Your assignment: The records that follow are to be given again exactly. Do not carry over any image.

* * * *

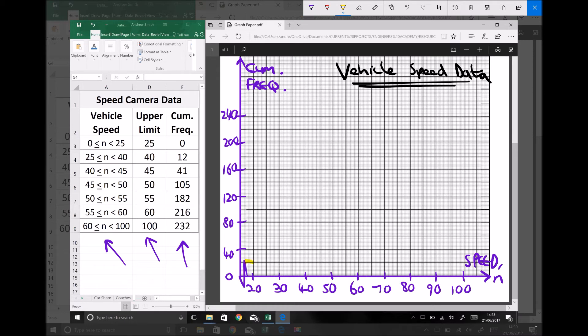Just to explain what's going on — I've concertinaed the axis so that I can fit all of my data on a page. In this example the reason I can concertina the axis is because I know I have no speed data at speeds less than 25. Therefore the starting point of my data on the x-axis is going to be where the speed equals 25. Nothing occurs at speeds between 0 and 20, so I've removed that section of the axis.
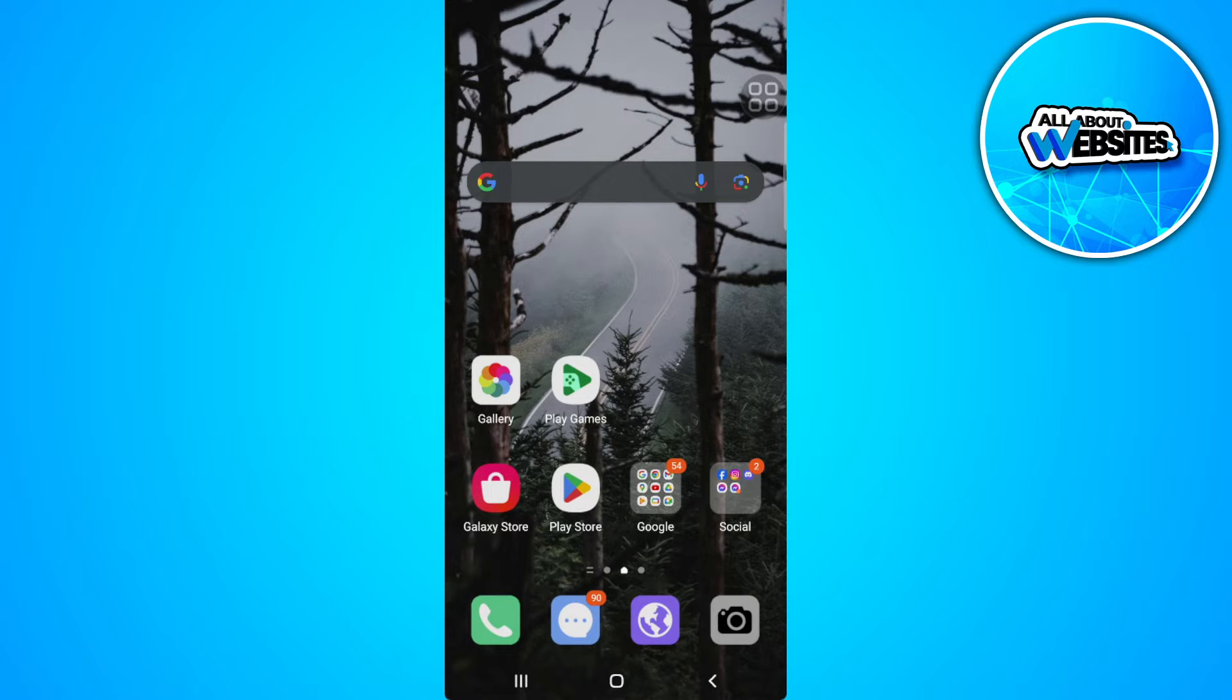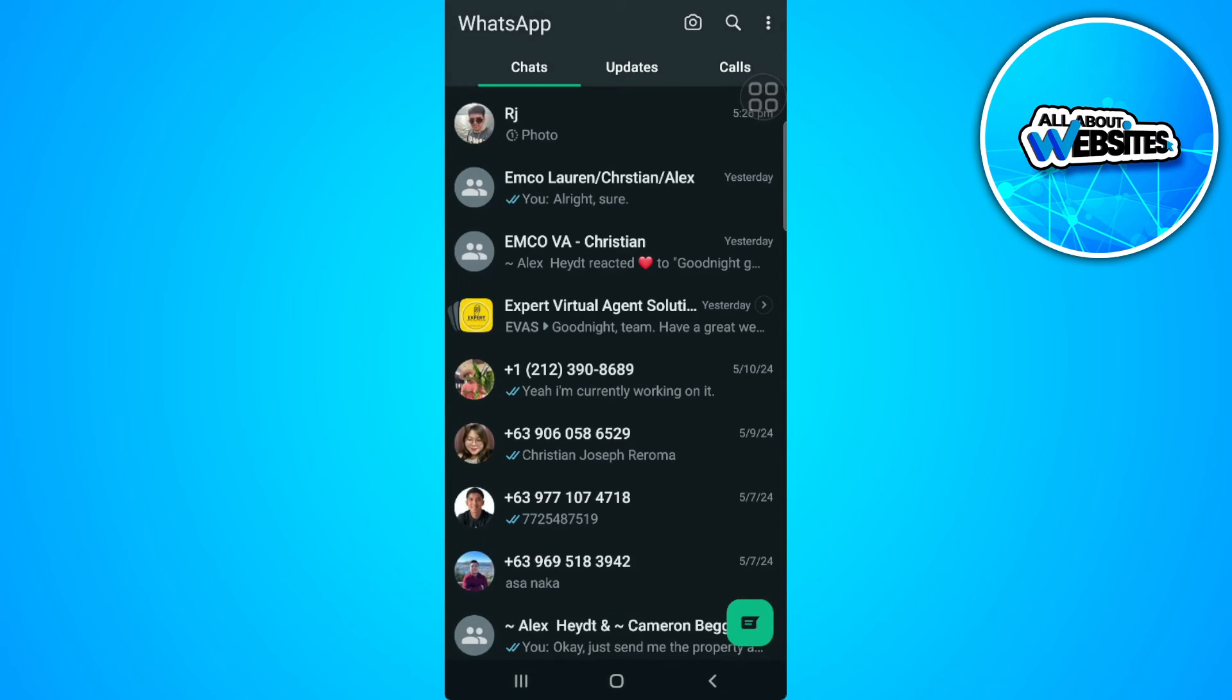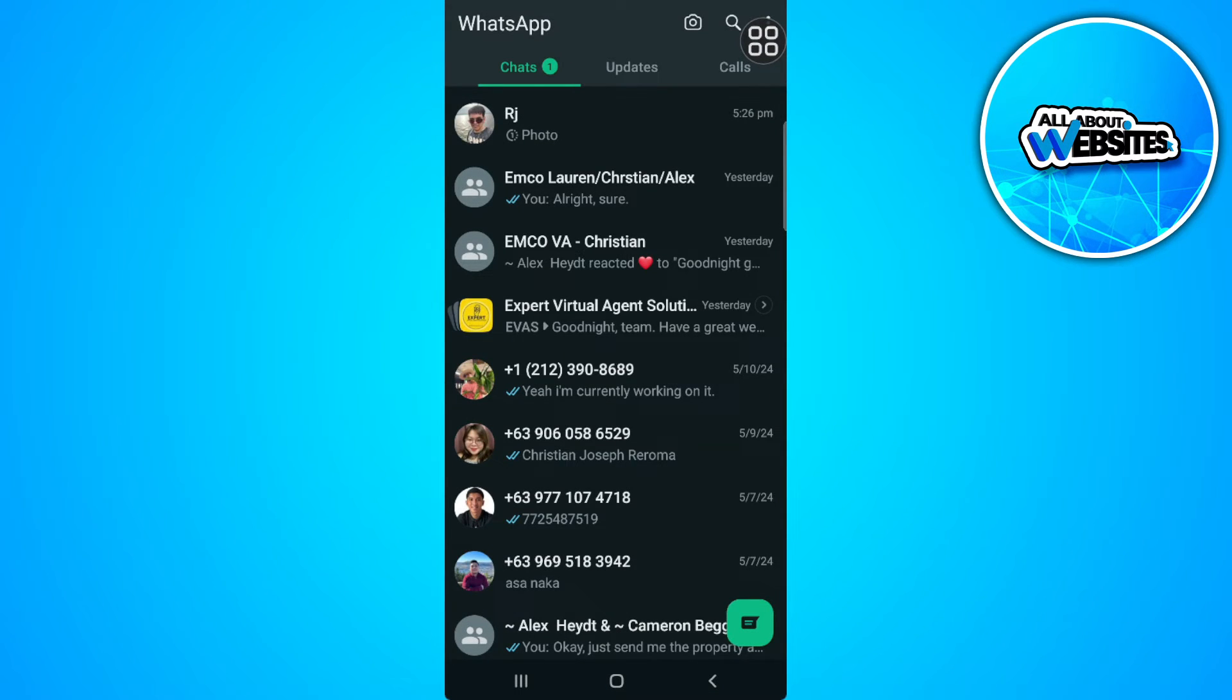The first thing you want to do is open your WhatsApp application. From here, select the chat where you want to view the view once photo.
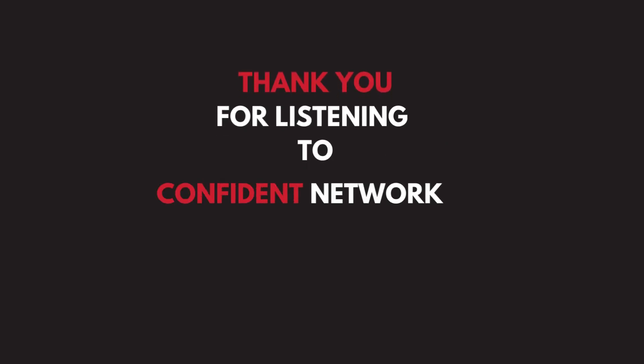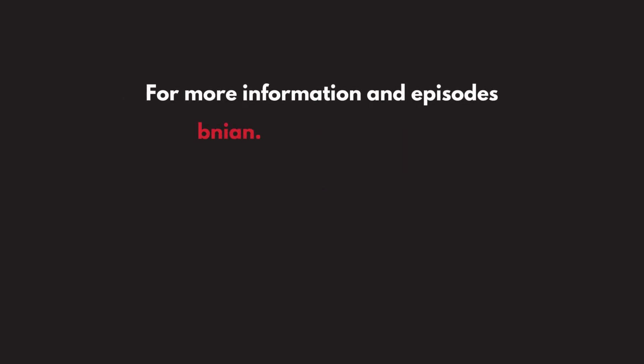Thank you for listening to The Confident Networker. You can find more episodes and information at bnian.com.au slash podcast.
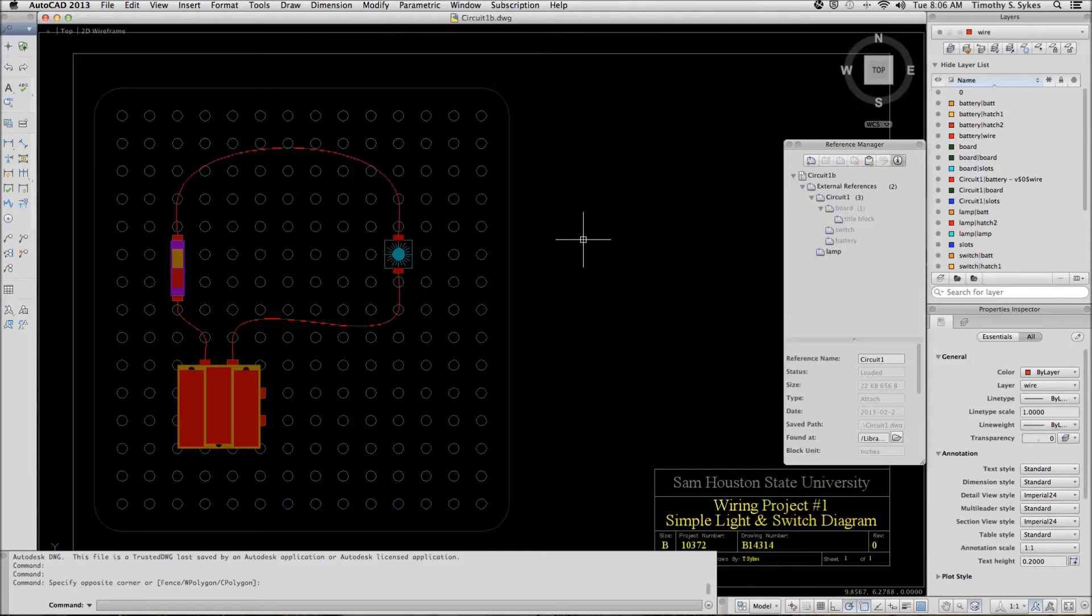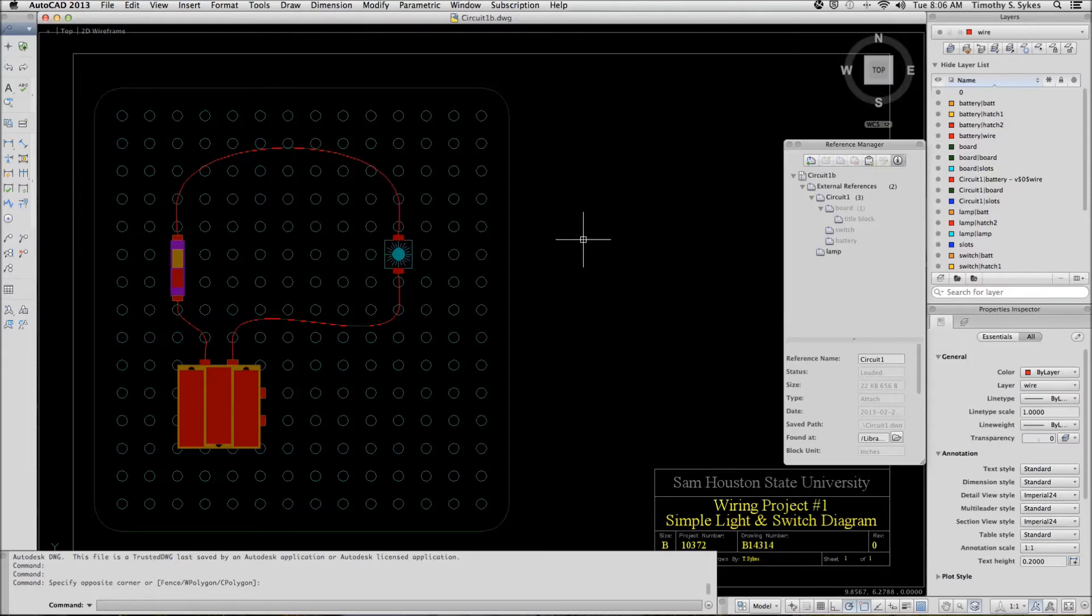There is a way that you can bind the reference and make it part of the drawing. The biggest issue is that it makes the drawing considerably larger than it might have been. We're going to look at that now.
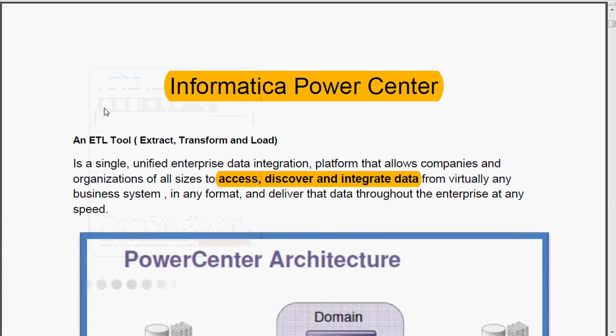Hi, today we are going to see what is Informatica Power Center - an Informatica Power Center Overview.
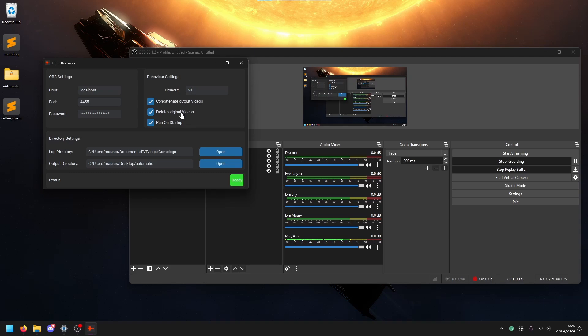You have some settings here as well that might be interesting to change. So concatenate output videos will concatenate the replay buffer and the video that is created. This is basically editing the video for you already, and this is kind of CPU intensive or GPU intensive. Depending on what kind of system you have, you might enable this or not enable it. So I would suggest you check how much your EVE client uses and try this once, shoot something stupid, see how bad it is and then turn it on or off.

* * * *

Task solution:
Just to explain what's going on — I've concertinaed the axis so that I can fit all of my data on a page. In this example the reason I can concertina the axis is because I know I have no speed data at speeds less than 25. Therefore the starting point of my data on the x-axis is going to be where the speed equals 25. Nothing occurs at speeds between 0 and 20, so I've removed that section of the axis.
The first thing you want to do is open your WhatsApp application. From here, select the chat where you want to view the view once photo.
Thank you for listening to The Confident Networker. You can find more episodes and information at bnian.com.au slash podcast.
There is a way that you can bind the reference and make it part of the drawing. The biggest issue is that it makes the drawing considerably larger than it might have been. We're going to look at that now.
Hi, today we are going to see what is Informatica Power Center - an Informatica Power Center Overview.
You have some settings here as well that might be interesting to change. So concatenate output videos will concatenate the replay buffer and the video that is created. This is basically editing the video for you already, and this is kind of CPU intensive or GPU intensive. Depending on what kind of system you have, you might enable this or not enable it. So I would suggest you check how much your EVE client uses and try this once, shoot something stupid, see how bad it is and then turn it on or off.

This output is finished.